-------- RECORD SET
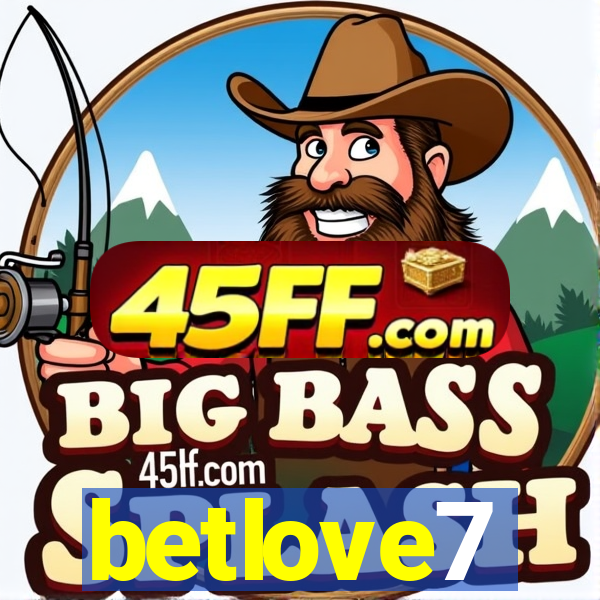 betlove7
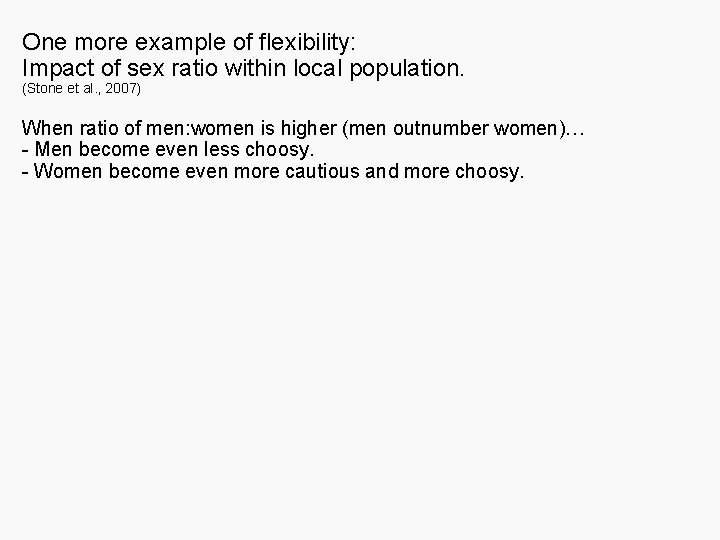 One more example of flexibility: Impact of sex ratio within local population. (Stone et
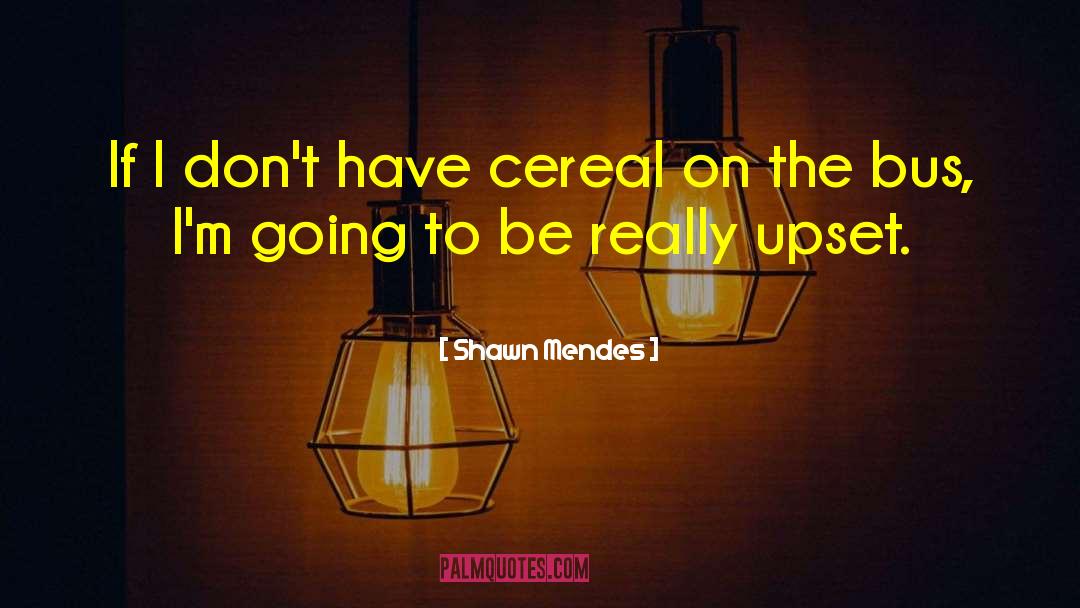 Shawn Mendes Quotes: If I don't have cereal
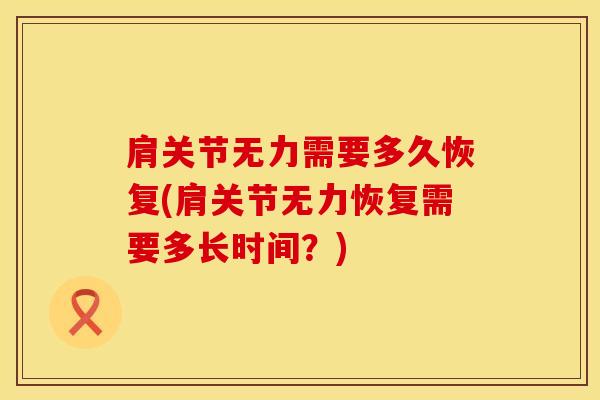 肩关节无力需要多久恢复(肩关节无力恢复需要多长时间？)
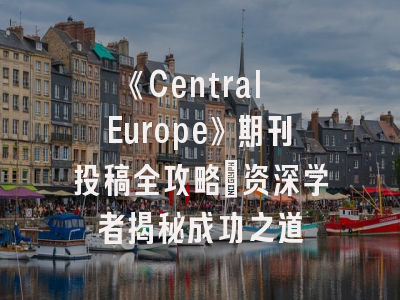 《Central Europe》期刊投稿全攻略_资深学者揭秘成功之道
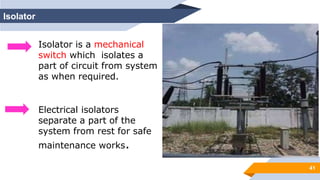 41
Isolator
Isolator is a mechanical
switch which isolates a
part of circuit from system
as when required.
Electrical isolators
separate a part of the
system from rest for safe
maintenance works.
 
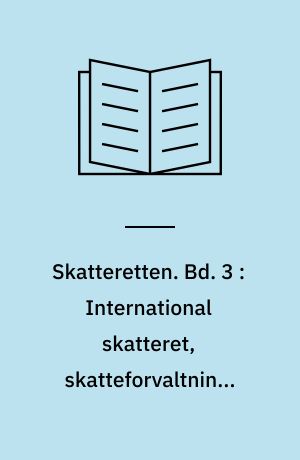 Skatteretten. Bd. 3 : International skatteret, skatteforvaltning, skatteproces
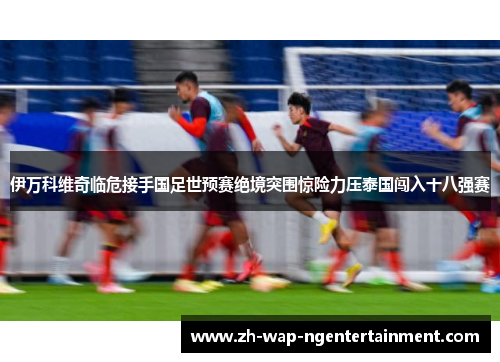 伊万科维奇临危接手国足世预赛绝境突围惊险力压泰国闯入十八强赛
----------------
» **EXERCISE**
Search the entries above for the string "part". Copy each line that holds it.

» **ANSWER TO THE PROBLEM**
part of circuit from system
separate a part of the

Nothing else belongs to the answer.